The following is a guest post by John B. Bellinger III, a partner at Arnold & Porter LLP and an adjunct senior fellow in international and national security law at the Council on Foreign Relations. John served as legal advisor for the Department of State from 2005 to 2009 and legal advisor to the National Security ...
The following is a guest post by John B. Bellinger III, a partner at Arnold & Porter LLP and an adjunct senior fellow in international and national security law at the Council on Foreign Relations. John served as legal advisor for the Department of State from 2005 to 2009 and legal advisor to the National Security Council from 2001 to 2005. –Peter Feaver
Last Saturday, with U.S. gas prices at record highs, President Obama announced the administration’s plans to boost domestic oil and gas production by expanding drilling and exploration in U.S. coastal waters, including in the Gulf of Mexico and off of Alaska. But the president missed an important opportunity to endorse an international agreement that would codify U.S. sovereign rights to vast additional oil and gas deposits under the Arctic Ocean off of Alaska: the Law of the Sea Convention. The omission was especially puzzling after Secretary of State Hillary Clinton, while participating in a summit of the eight Arctic Council countries held two days previously in Nuuk, Greenland, declared U.S. ratification of the treaty "way overdue." The president should capitalize on calls by congressional Republicans and the oil and gas industry to increase domestic oil and gas production by urging the Senate to ratify the convention this year.
The Law of the Sea Convention was negotiated in 1982 to provide a comprehensive legal framework to govern international activities in, over, and under the world’s oceans. Today, 160 countries are parties. The treaty guarantees all countries the right to freedom of navigation through and over the territorial seas of coastal states. With the largest fleet in the world, the U.S. Navy — together with our Air Force, Army, Marines, and Coast Guard — have long urged the Senate to approve the convention in order to codify their critical navigational rights, which are often challenged by other countries.

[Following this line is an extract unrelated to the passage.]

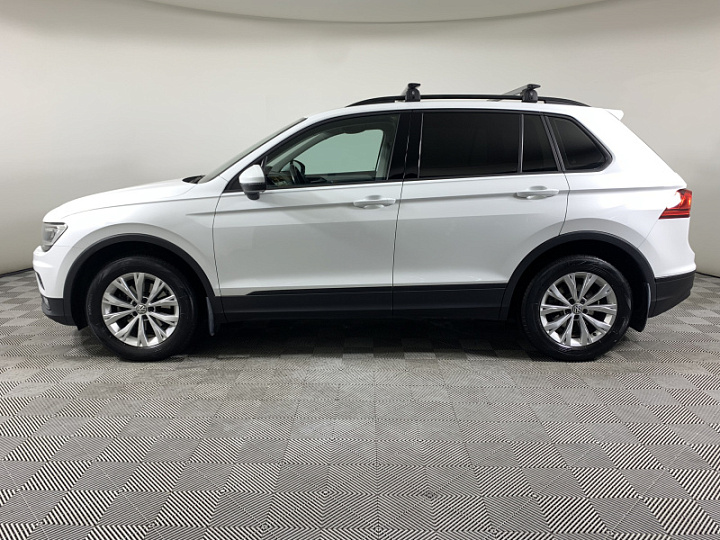 Volkswagen Tiguan 1.4, 2020 года, Механика, Белый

The treaty also gives coastal states sovereign rights to the fish and living marine resources in the ocean and oil, gas, and minerals under the seas within 200 miles of their coasts. And it gives coastal states additional rights to the oil, gas, and minerals on their continental shelves, but only if they prove to an international commission established by the convention that these geologic shelves extend more than 200 miles from their coasts.
The "extended continental shelf" of the United States extends more than 600 miles into the Arctic Ocean off the coast of Alaska, covering an area twice the size of California. The U.S. Geological Survey estimates that this area contains nearly a hundred billion barrels of oil and trillions of cubic feet of natural gas, as well as extensive deposits of valuable minerals.

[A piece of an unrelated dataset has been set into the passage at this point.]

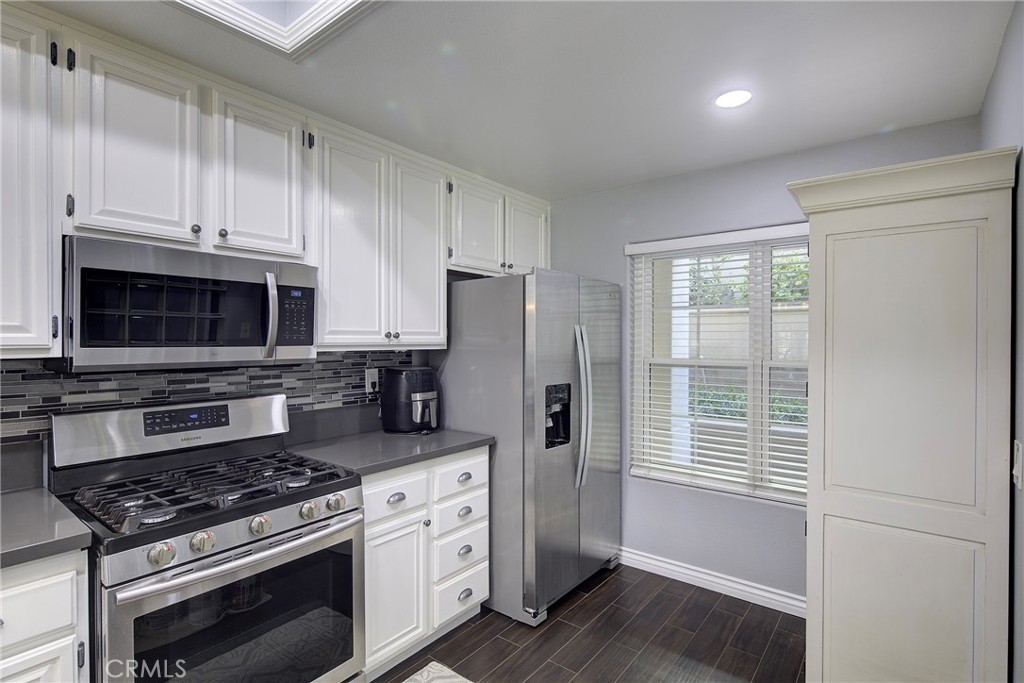 415 Townsquare 126, Huntington Beach CA 92648 - photo 12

The four other countries bordering the Arctic Ocean — Russia, Canada, Norway, and Denmark — have already enriched themselves and their people by tapping into their coastal oil and gas deposits and are staking claims to vast additional resources on their extended continental shelves in the Arctic. Norway’s oil fund — derived from revenues from oil and gas production in the North Sea — is already worth $500 billion.
While these countries laugh all the way to the oil and gas bank, the U.S. sits on the sidelines unable to claim the resources on its extended continental shelf in the Arctic because it is not a party to the Law of the Sea treaty. U.S. oil and gas companies simply will not invest in these areas unless the U.S. has clear legal title. Unfortunately, a handful of Republican senators have blocked U.S. ratification of the treaty based on myths and misperceptions about the treaty. Even where their concerns may have some merit, they are heavily outweighed by the substantial national security and economic benefits to the American people of joining the treaty and the high costs of not joining.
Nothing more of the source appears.